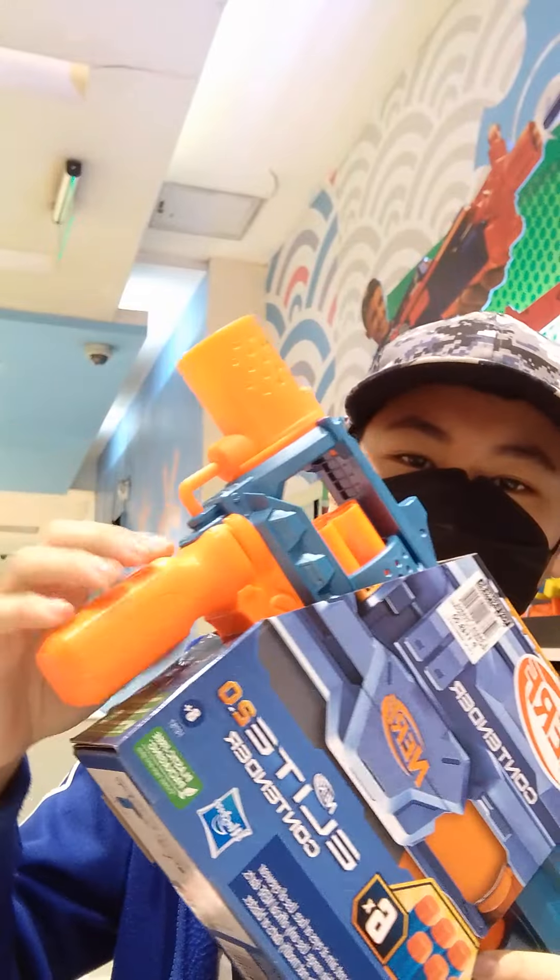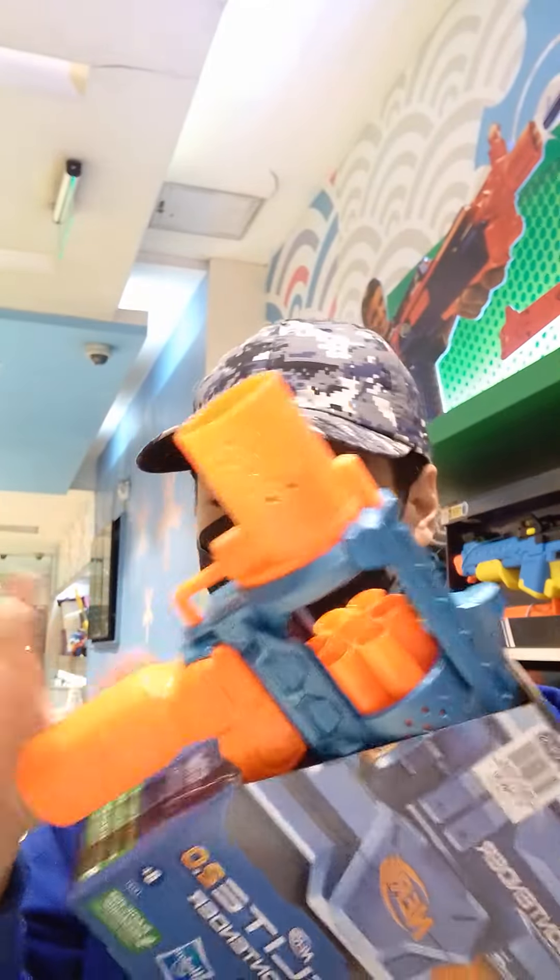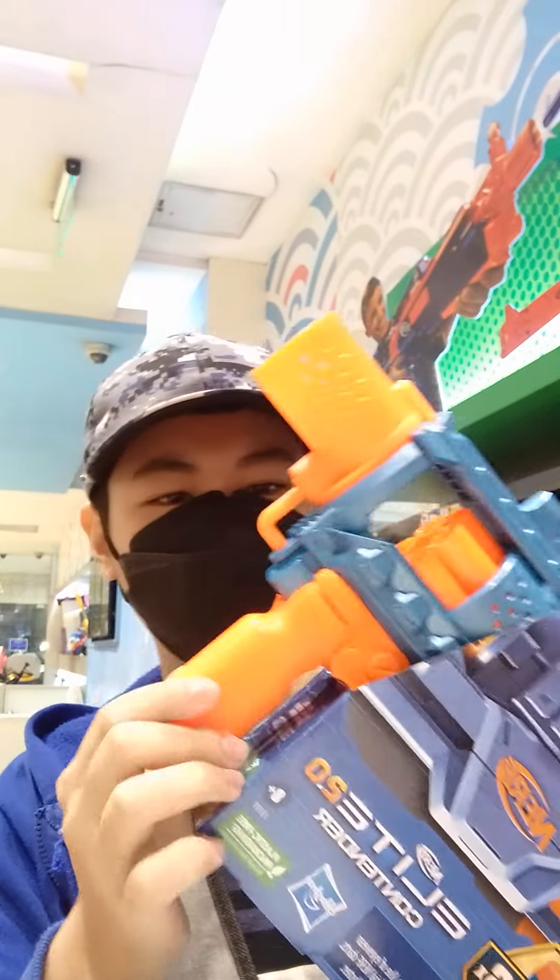And back here, we have the pump handle. You prime this back and forward — or actually you don't need to fully pump it back and forward because it already has a spring return. So yeah, really cool.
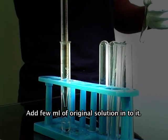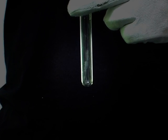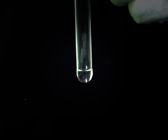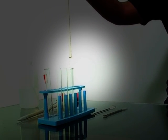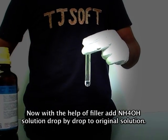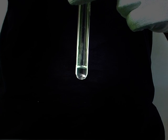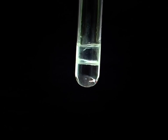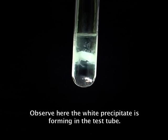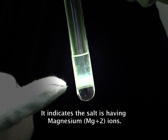Take another test tube and add few ml of original solution into it. Now with the help of a filler, add ammonium hydroxide solution drop by drop to the original solution. Observe here the white precipitate is forming in the test tube. It indicates that the salt is having magnesium ions.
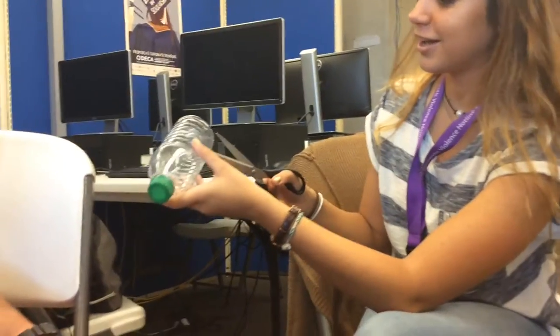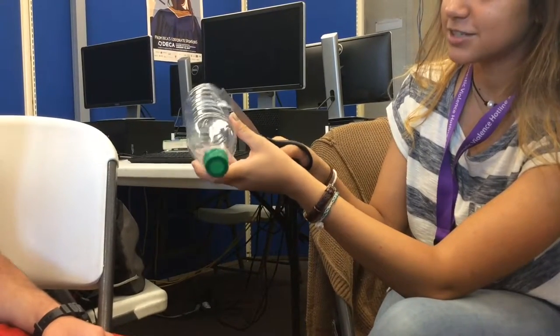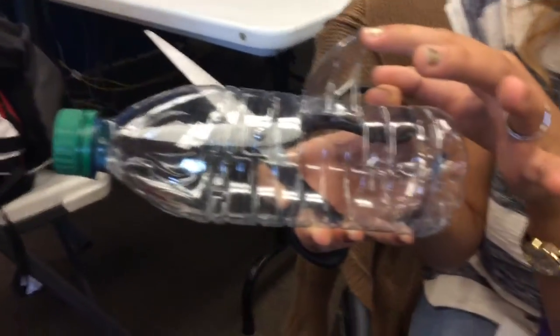Our design is actually quite simple. You start with just a plain old water bottle and you take off the label. Then you cut two parallel lines like so, and then you connect the two slits with one slit at the bottom — and voila.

Exercise instructions
Set down the material above as is, without any pictures.

Answer to this problem
And back here, we have the pump handle. You prime this back and forward — or actually you don't need to fully pump it back and forward because it already has a spring return. So yeah, really cool.
Take another test tube and add few ml of original solution into it. Now with the help of a filler, add ammonium hydroxide solution drop by drop to the original solution. Observe here the white precipitate is forming in the test tube. It indicates that the salt is having magnesium ions.
Our design is actually quite simple. You start with just a plain old water bottle and you take off the label. Then you cut two parallel lines like so, and then you connect the two slits with one slit at the bottom — and voila.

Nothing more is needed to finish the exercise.